13 Responses to ““Not Quite Right””

  1. Good grief, things are already too often ‘not quite right’ in MY life and I am far from rolling in the green. Just imagine the delight of being able to be disappointed far more often at far more trivial pursuits, oh the glamour.

    I always say ‘even the rich have to stop at red lights, they just do so in fancier cars’…

  2. “To listen to a knowledgeable enthusiast, whether he’s talking about a Panama hat or the delicate business of poaching foie gras in Sauternes, is a revelation…” (This is perfectly wonderful. Thank you.)

  3. I howled with laughter at this post. As a jewelry designer for many years now, I know what it is to be a “fournisseur” to well-heeled people. I’m massively lucky, however, with the clients that I do have. Every once and a while, though, you do meet the surly individual who’s never pleased. I’ve always thought how sad that is. Scott Fitzgerald was right, the rich really are different from you and me.

    Last summer, a friend and I were having a conversation about life and success and getting ahead, and he said something so simple yet so profound: things are never what they appear to be.

    Would I like to look at my bank balance and see five or ten million euros? You bet. But the fact that I haven’t ever experienced this fantasy hasn’t stopped me from having an extremely interesting life.

    Salut à tous!

  4. Ah, yes. The old black hubris has me under it skin! One doesn’t have to be rich to act like this: think of the maid of whom one expects higher standards than one would apply oneself, or of the busboy treated with such disdain as to make him invisible. Think of …. I could go on and on.

    • Blue,

      Interesting point, befitting what I think of as an attitude of “entitlement”. One has to wonder if hubris is the new aspiration of the times.

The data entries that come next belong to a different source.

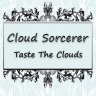 cloudsorcerer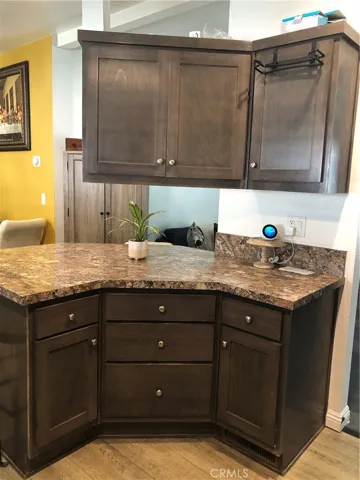 4901 Green River 292, Corona, California 92878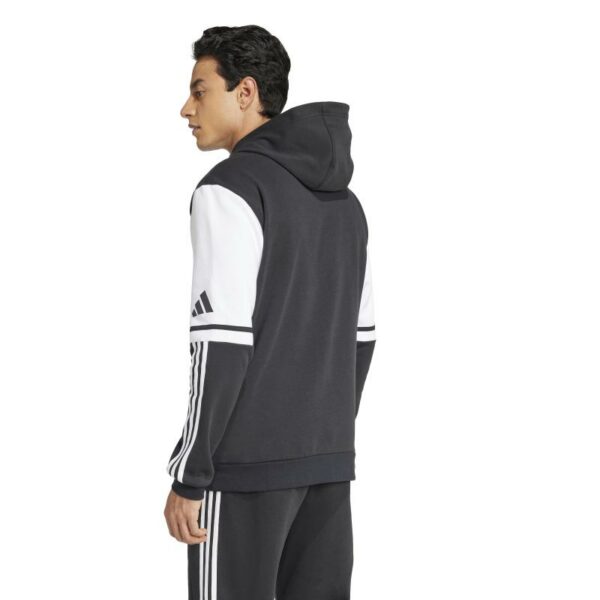 Adidas Sq25 Sw Hood JE2776 Stadion 6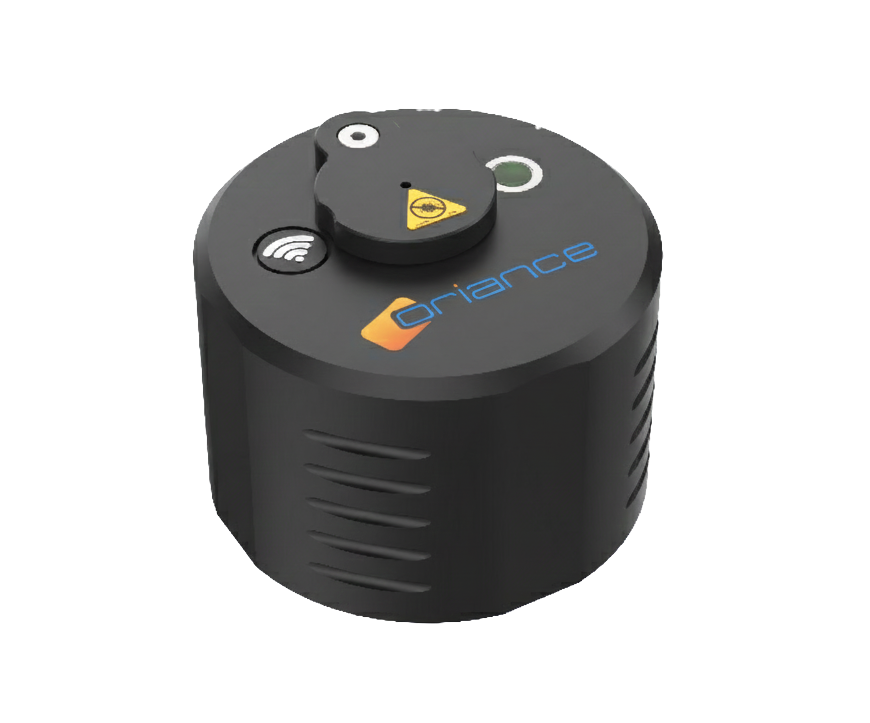 oriance nva nva logo oriance 12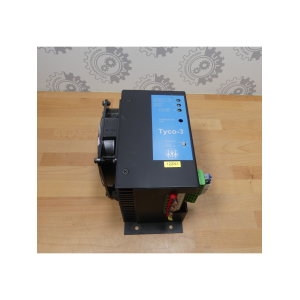 tyco-3/50-usd-tyco electronics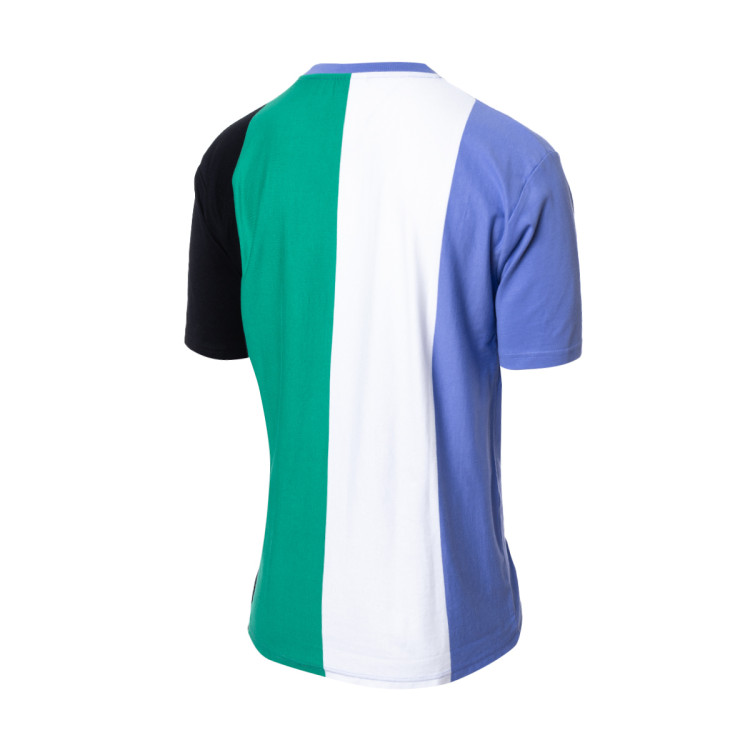 camiseta-karl-kani-chest-signature-os-striped-purpura-1.jpg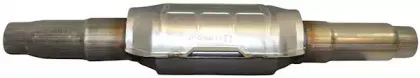jpgroup-9920900310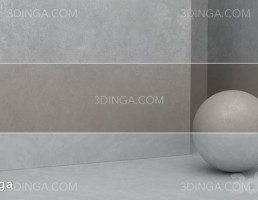 متریال گچ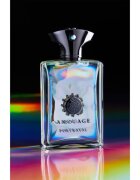 Amouage Portrayal парфюмна вода за мъже 100 мл.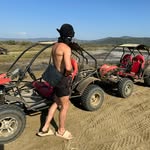 @casey__applegarth - Instagram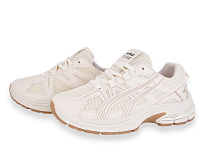 Кроссовки Hongquan J2115-5 в магазине Фонтан Обуви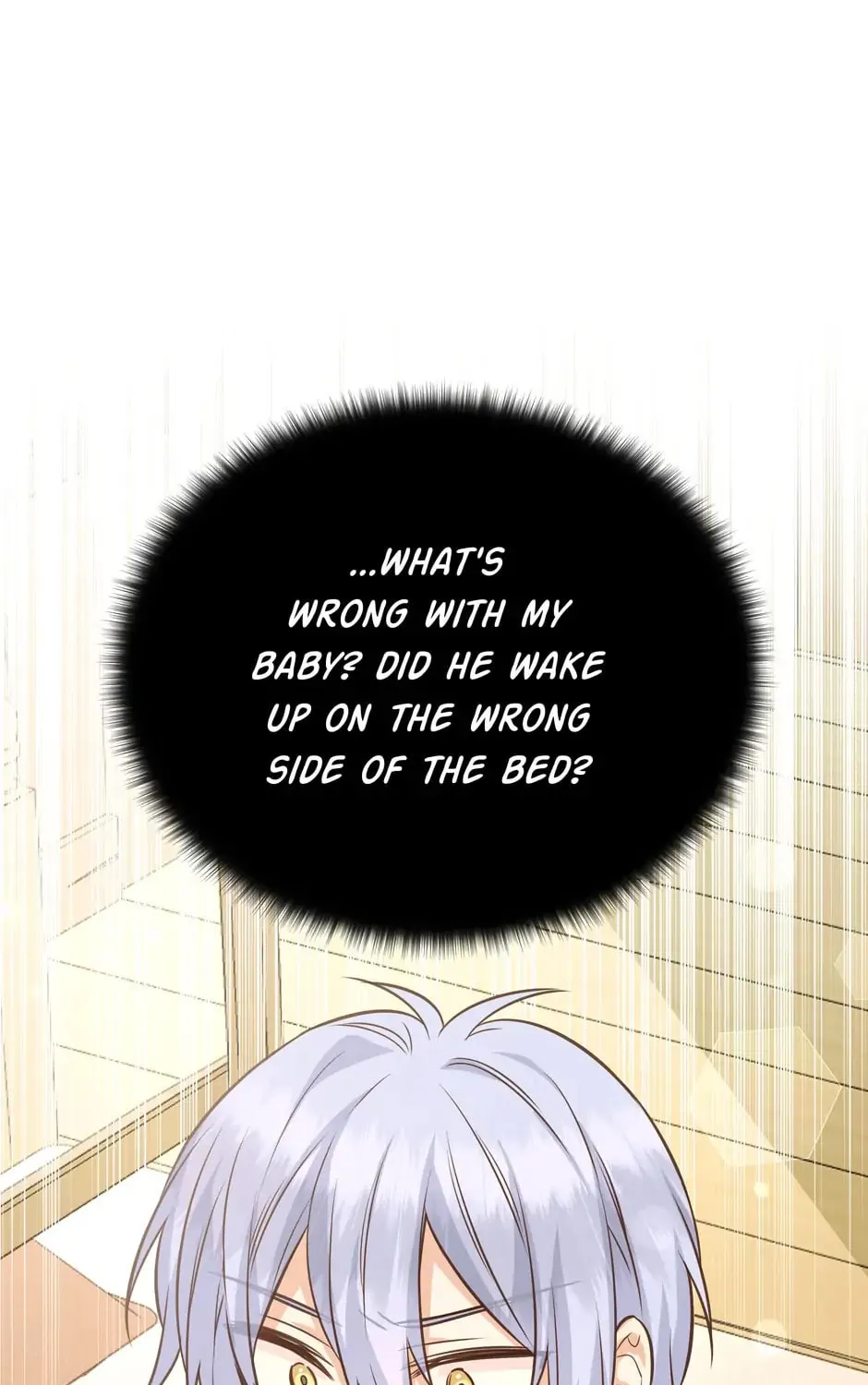 Read Side Characters Deserve Love Too chapter 43 image 24 on Lezhin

  5. I’ve had that curious blend of growing up in a home where a father hails from the “not quite right” lineage; a mother from the “how could it not be right?”. The opportunity to bemoan and rejoice, I am thankful, has allowed me to appreciate the beauty and the beast of the quotidien.

    We are all burdened by the quest to aspire; however, we get lost in the product rather than the process. A life attuned to the craftspeople, the artisans, the artists of which we are surrounded, so I have found, will morph into the truest of gems: appreciation.

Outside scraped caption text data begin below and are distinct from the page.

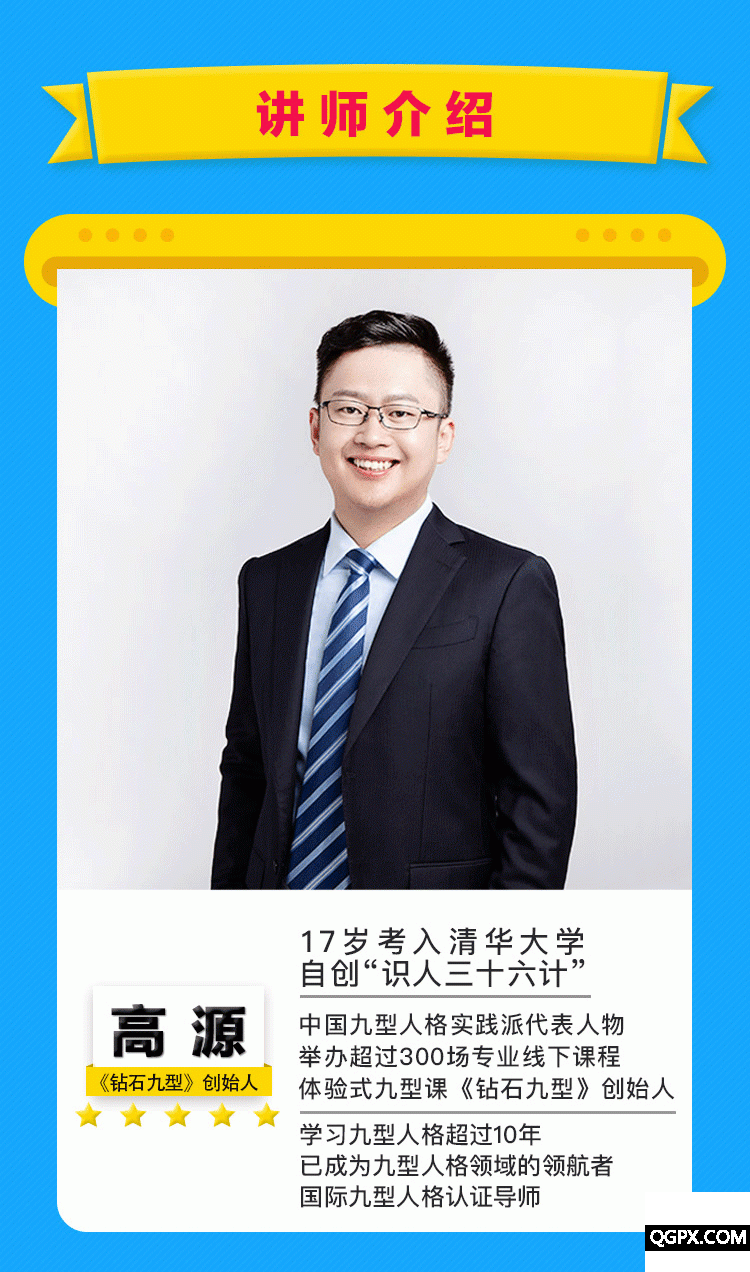 .jpg 詳情頁(yè)第一版04.jpg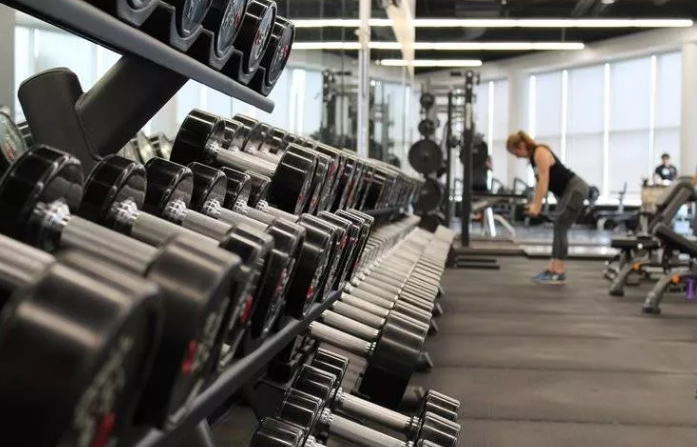 Academias no Park Sul: O 1 Guia Definitivo para Escolher a Melhor Opção de Fitness em Brasília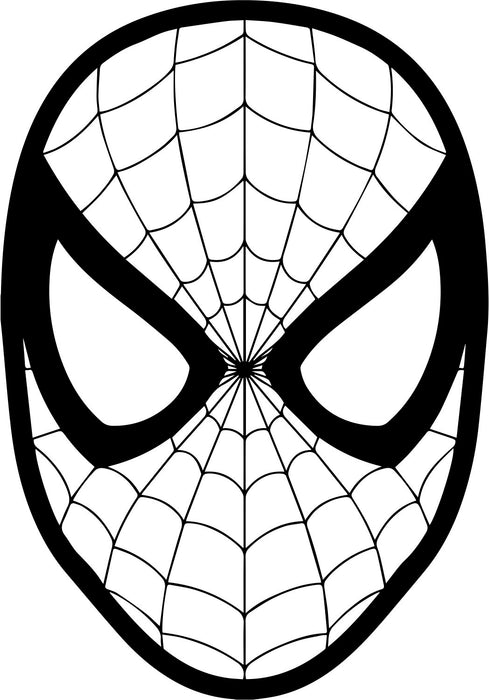 Spiderman - 4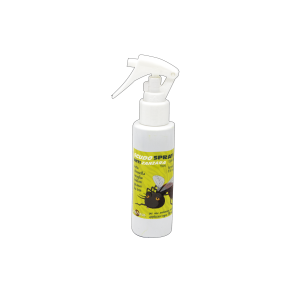 SCUDO Z SPRAY 100ml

    I recently wrote about tin top hats, made of humble materials but with the guiding force of adoration. These late 19th-century gifts given to a loved one on the 10th wedding anniversary were quite alright. Wouldn’t you agree?

    • Lydia,

      “…we get lost in the product rather than the process.” How artfully put. I have always been captivated by an artisan who can do anything extraordinarily well, as simple as lathering a stone with mortar, for example, and building a small protective wall to shield a garden. What’s interesting about the rich is whether their displeasure is more about themselves and the need for complaint, as the writer suggests, than about raising or enforcing a level of excellence.

      Do send me a link on the tin top hats. I’d love to know more.

  6. i push to meet the exception to the rule..always.
    interesting post and much for thought…;))

  7. I think we become estranged from life when we no longer create. To skate so thinly on this earth that we require—demand—all be done for us is, I think, a form of extinction. The need to create is life itself. The act and art of creation is a way to renew ourselves. I used to be a fund raiser, for a good cause, but still it was stifling to have to spend time with the “abnormally rich.” For an antidote, I began to build dry-stack stonewalls in my garden. Using amazingly few, but very satisfying to use tools, the zen of the stone made my unease disappear.

    • Home,

      What a wonderful antidote! When I mentioned building a garden wall, I remembered a shoot I had been on a long time ago where we had hired a mason to illustrate how a stone was laid. The man was a truly gifted. Unassuming, quiet, diligent in his efforts. And so wonderfully deft with a trowel. I was watching an artist and I remember marveling over his workmanship. I understand your need to build that stonewall.

  8. Alas, I’ll never know the vagaries of being rich, but would, of course, like to find out.

  9. Dear Errant, Where have I been? Who’s errant now? I gladly tip a hat to you. Enjoy these delights http://www.thecluelesscrafter.com/2010/01/tin-treasures-to-love/

    Though, apologies, for posting the link you requested here. I’ve scanned through, and to no avail found your email address. Twitter, yes. FB, yes. . .

    • Lydia,

      I am so charmed by that tin hat. A few years ago, a friend who scours the markets of fleas bought me a little tin man with a hat such as this. Magical!

      Thoughtless of me not to include my email.